§ **WORK INSTRUCTION**
You are asked to repeat the listing word for word and to leave out its pictures.

§ **INFORMATION SUPPLIED**
»»
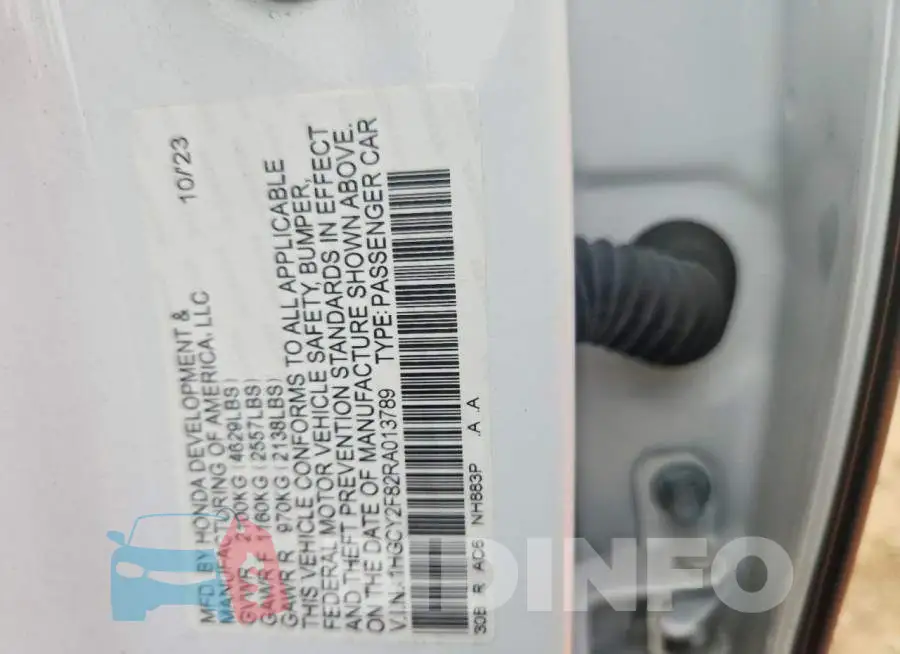 1HGCY2F82RA013789 Photo# 13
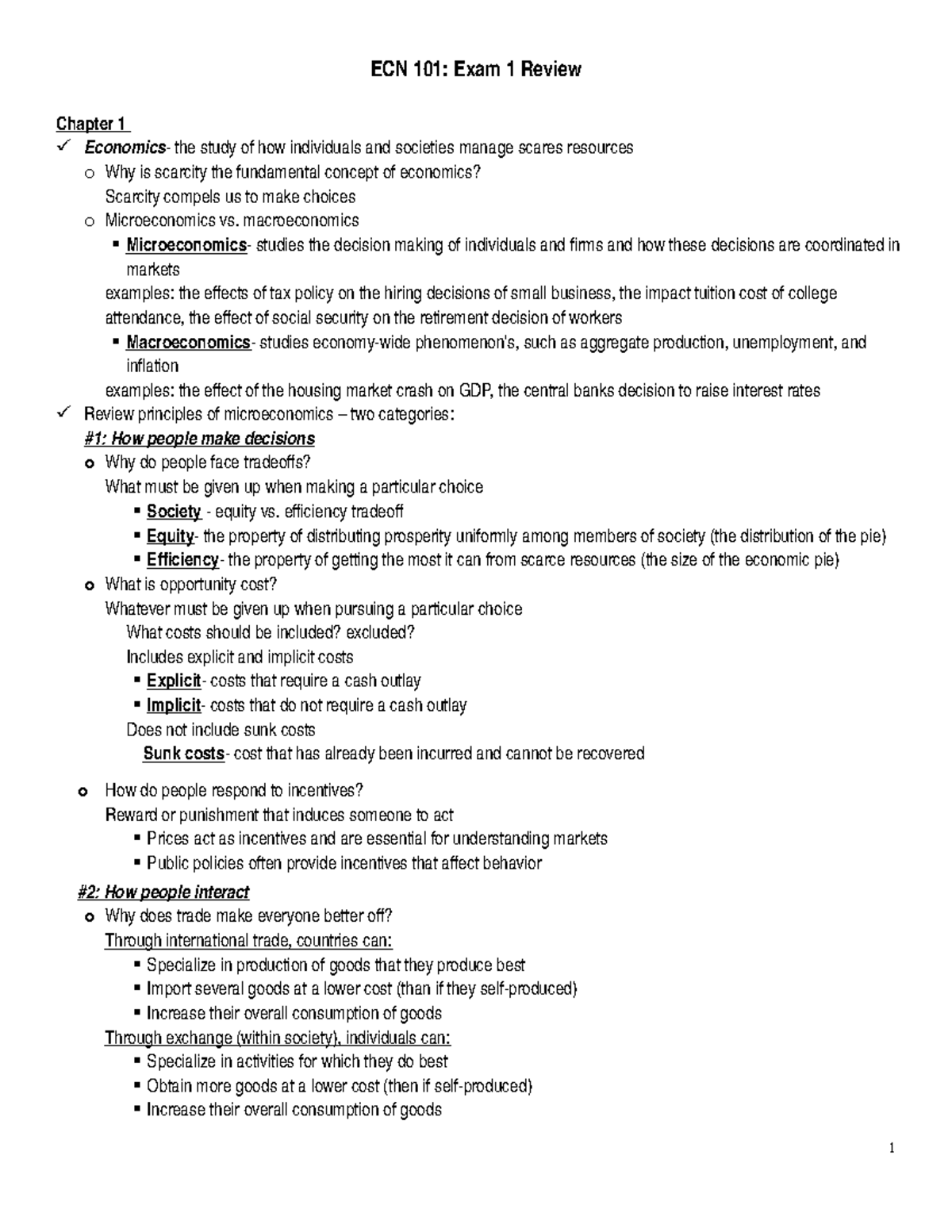 ECN 101 Exam - Notes for ECN 101 Exam #1 - ECN 101: Exam 1 Review ...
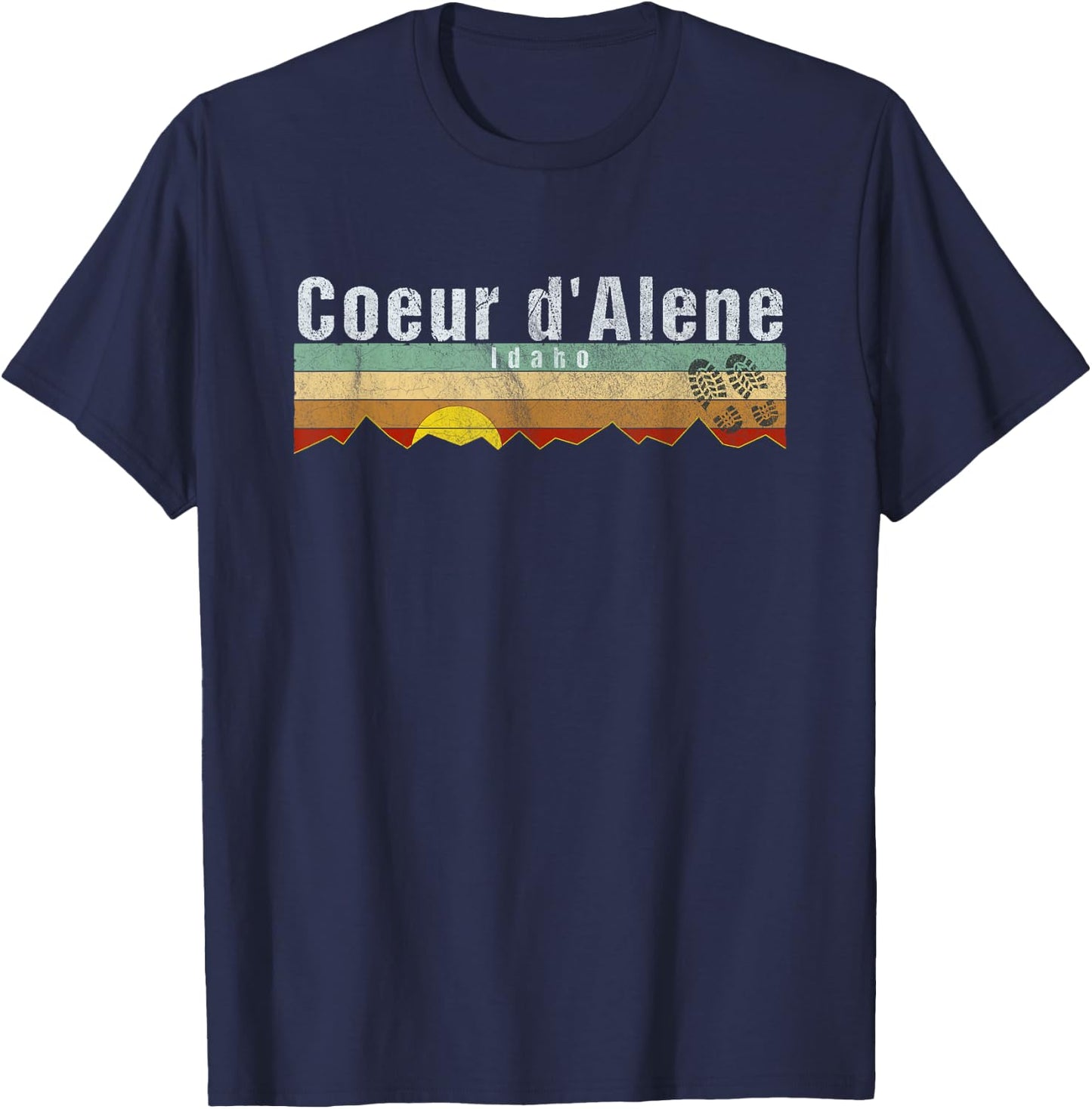 Coeur d'Alene, ID - Vintage Coeur d'Alene Gift T-Shirt - T-Shirt | Navy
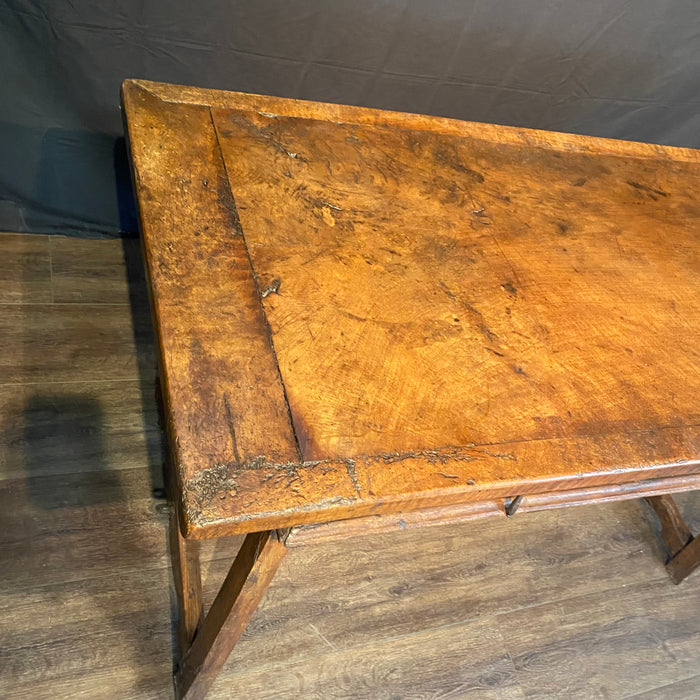 Antique Spanish Baroque Walnut Writing Table, Desk or Console with Iron Stretchers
««
§ **RESULT OF THE TASK**
 1HGCY2F82RA013789 Photo# 13
 ECN 101 Exam - Notes for ECN 101 Exam #1 - ECN 101: Exam 1 Review ...
 Coeur d'Alene, ID - Vintage Coeur d'Alene Gift T-Shirt - T-Shirt | Navy
 Antique Spanish Baroque Walnut Writing Table, Desk or Console with Iron Stretchers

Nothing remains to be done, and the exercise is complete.